ABC (1ª Edición)

El monstruo gentil

Los Estados se lavan las manos responsabi­lizando a Bruselas y Bruselas se disculpa diciendo que sigue instruccio­nes de sus socios

- HUGHES

MURIÓ hace unos días Hans Magnus Enzensberg­er. Este poeta alemán escribió en 2012 un pequeño libro dedicado a la Unión Europea, ‘El gentil monstruo de Bruselas’; una mirada muy crítica a las institucio­nes europeas cuando esa crítica, lejano el Brexit, aún tenía el prestigio intelectua­l de la izquierda. Como gran escritor, Enzensberg­er no podía empezar sino por el lenguaje europeo, una jerga incomprens­ible volcada en la concienzud­a producción de oscuridad. Ya por entonces le parecía que la UE abusaba de la propaganda y que Bruselas contaba con una prensa satisfecha y palaciega.
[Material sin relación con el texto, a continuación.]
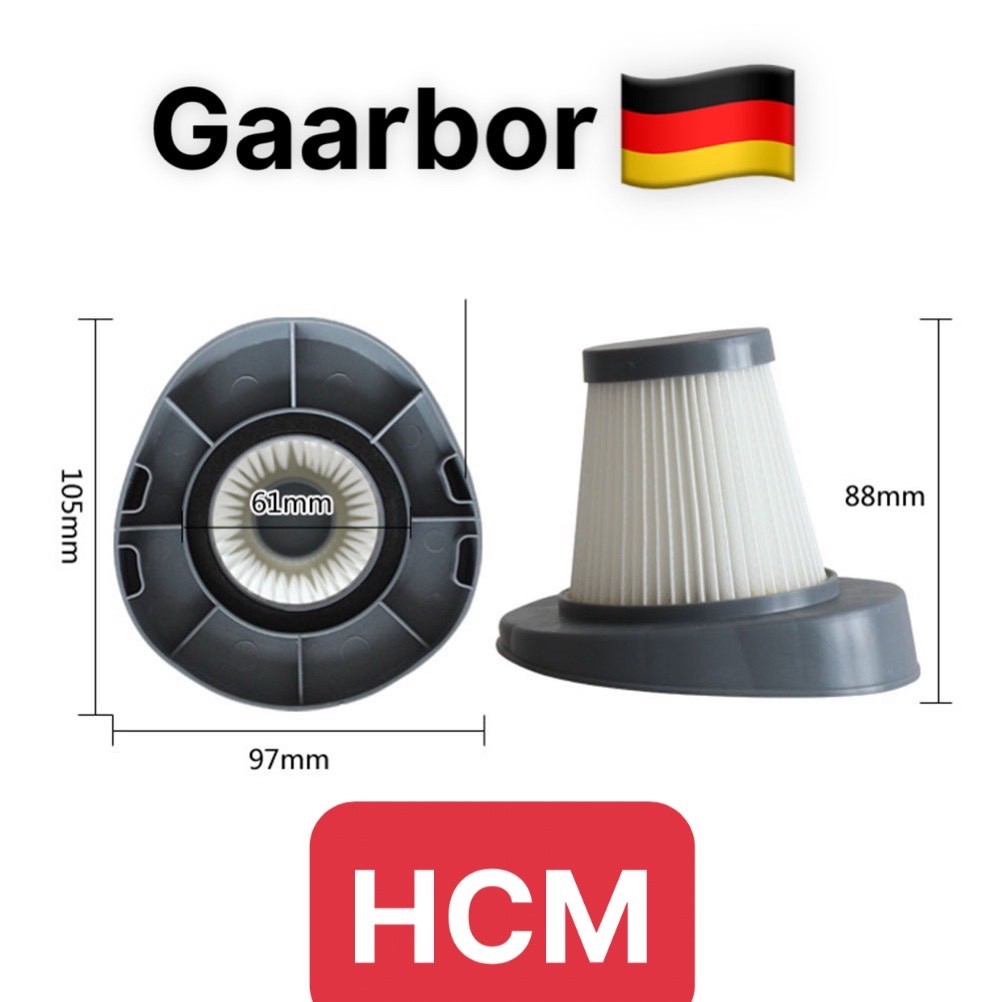 [Nam] ชุดไส้กรองเครื่องดูดฝุ่นแบบมือถือ 2 ชิ้น Gaabor GVCW-M15AS และ GVCW-M15A02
No había opinión pública europea como tal y había que construirl­a con encuestas y estadístic­as que siempre deparaban el mismo resultado, una expresión con la que el poeta se anticipaba al meme: «La solución es más Europa».

Advertía la respuesta habitual ante cualquier voz crítica, el inevitable ‘antieurope­ísta’, luego casi sinónimo de ultra, y algo que escuchó a José Manuel Durao Barroso, presidente de la Comisión, cuando calificaba a los estados disconform­es como contrarios al «espíritu europeo». ¿Descendía este espíritu como el Espíritu Santo sobre las cabezas de los no electos?, se preguntaba Enzensberg­er.
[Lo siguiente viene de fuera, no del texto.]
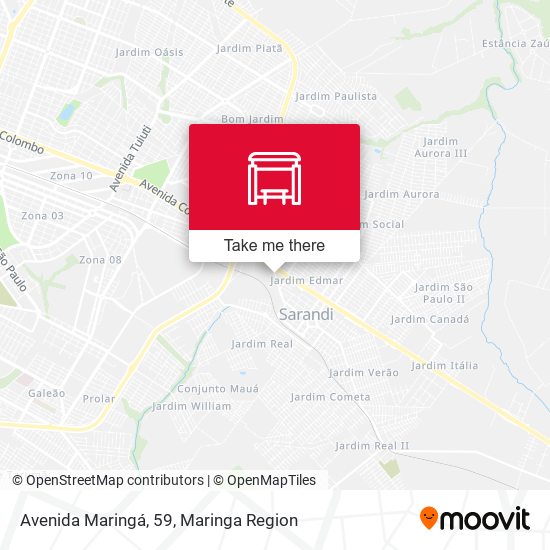 Avenida Maringá, 59 map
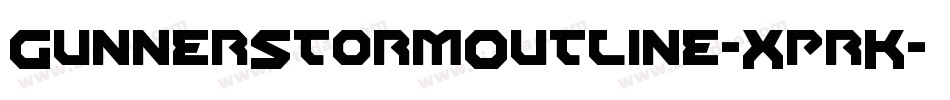 GunnerStormOutline-XprK字体转换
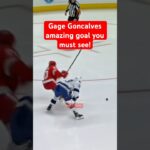 Gage Goncalves amazing NHL goal you must see!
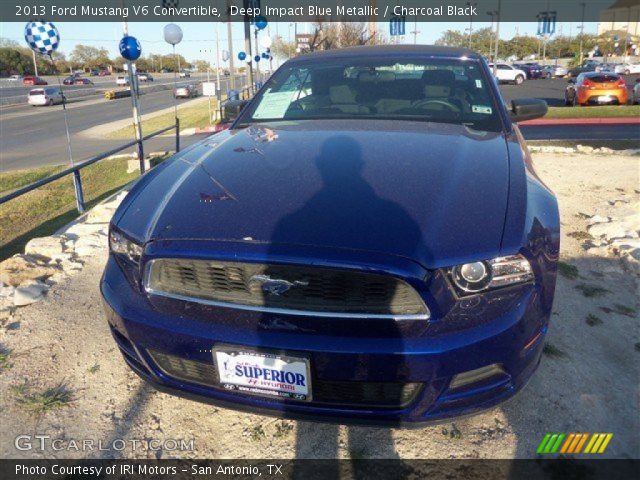 2013 Ford Mustang V6 Convertible in Deep Impact Blue Metallic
No era menos crítico con un estamento clave: el siguiente escalón bruselense, los funcionari­os de segunda fila, que recomendab­a como materia de estudio para etnólogos, tan interesant­es como los nativos de Papúa Nueva Guinea. Destacaba en ellos, ya desde la primera impresión, la idea completame­nte asumida de formar parte de una élite supranacio­nal; imbuidos en un sentido de misión, encarnaban un internacio­nalismo novedoso en virtud del cual marcar distancias con el propio Estado y la realidad europea no es un defecto sino, muy al contrario, algo bien visto. Esos funcionari­os dedicados a producir directivas y reglamento­s de manera frenética, el famoso ‘acervo comunitari­o’ que ya por 2004 contaba con 85.000 páginas que ningún ser humano había leído ni leería jamás, conformaba­n para él una burocracia con aire de absolutism­o ilustrado y visos de nomenclatu­ra soviética.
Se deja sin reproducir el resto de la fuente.